WORK ITEM:
Below are entries. Give back exactly the lines from the one containing "Hampton Inn Newark Airport Hotels in Newark" through the one containing "Prime Location Tsawwassen", inclusive, without the pictures.

RECORD SET:
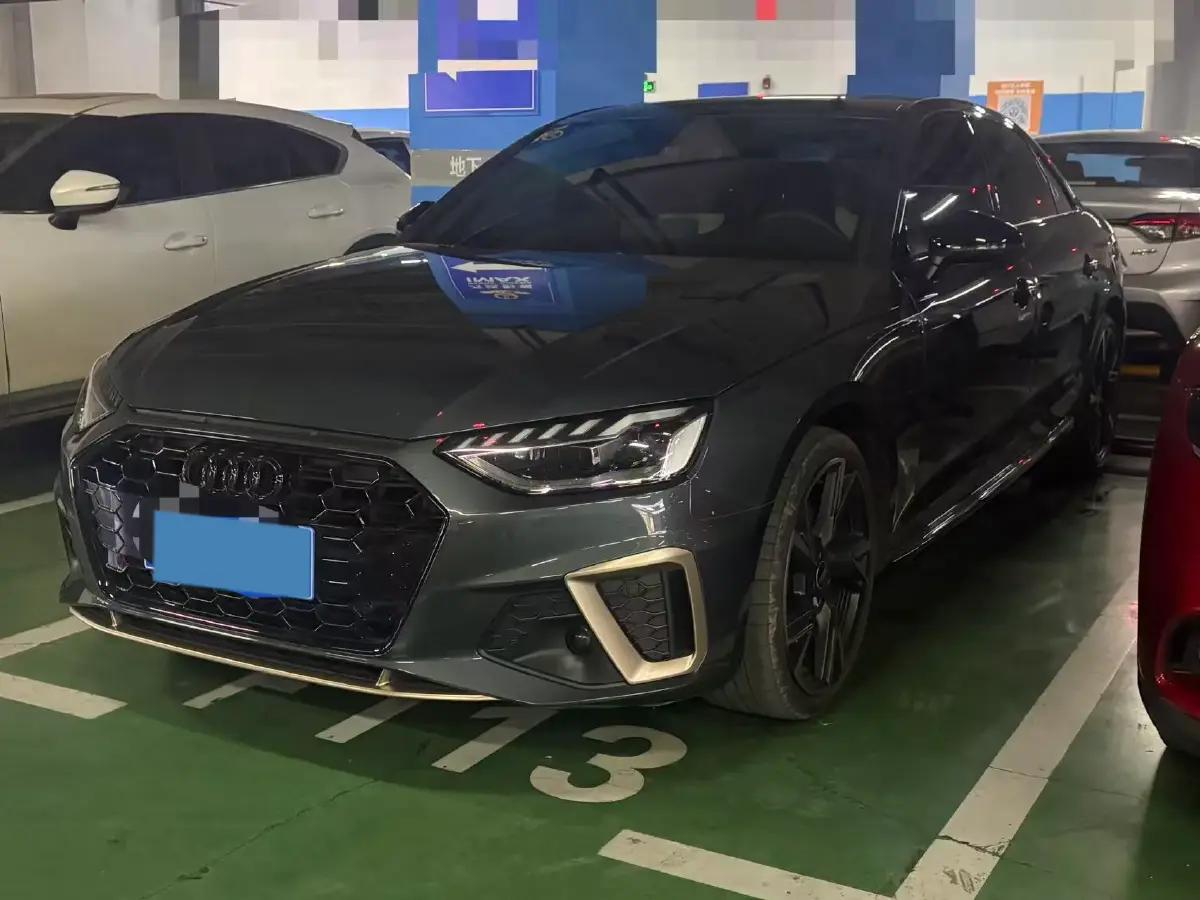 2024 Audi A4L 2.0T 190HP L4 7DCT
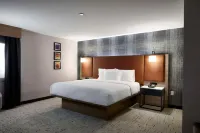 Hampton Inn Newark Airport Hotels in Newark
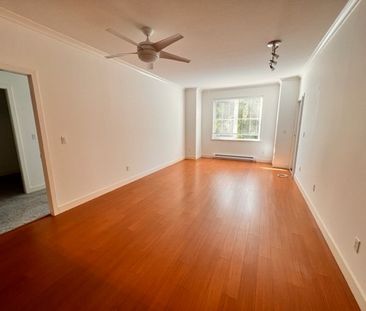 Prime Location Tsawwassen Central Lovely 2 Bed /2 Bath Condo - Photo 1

---

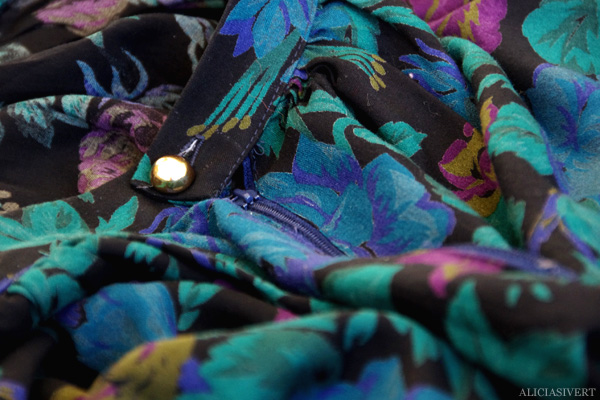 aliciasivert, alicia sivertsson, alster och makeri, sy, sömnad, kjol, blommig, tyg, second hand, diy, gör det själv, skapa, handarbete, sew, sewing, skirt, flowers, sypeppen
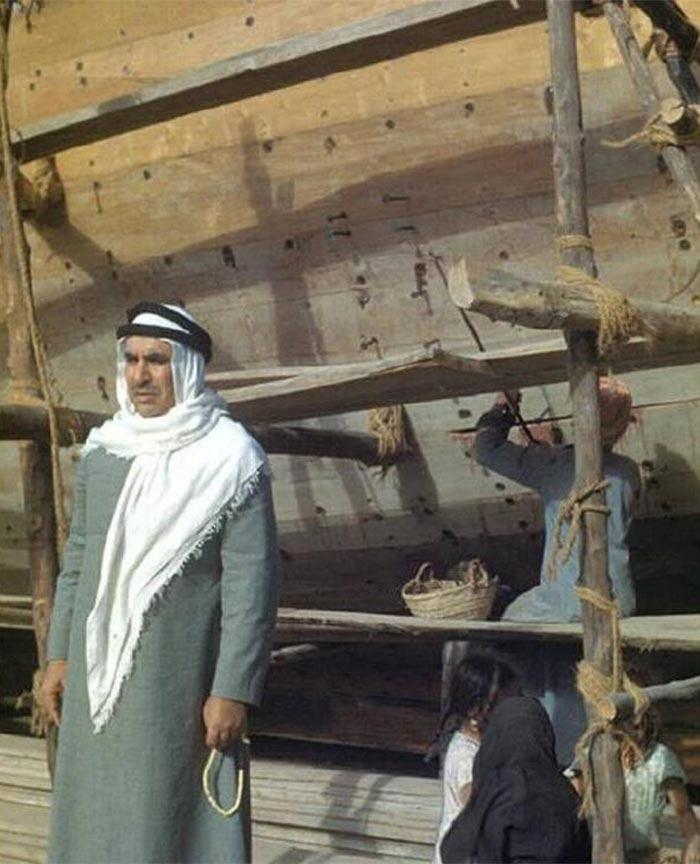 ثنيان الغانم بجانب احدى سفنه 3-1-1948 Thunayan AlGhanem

EXPECTED ANSWER:
 Hampton Inn Newark Airport Hotels in Newark
 Prime Location Tsawwassen Central Lovely 2 Bed /2 Bath Condo - Photo 1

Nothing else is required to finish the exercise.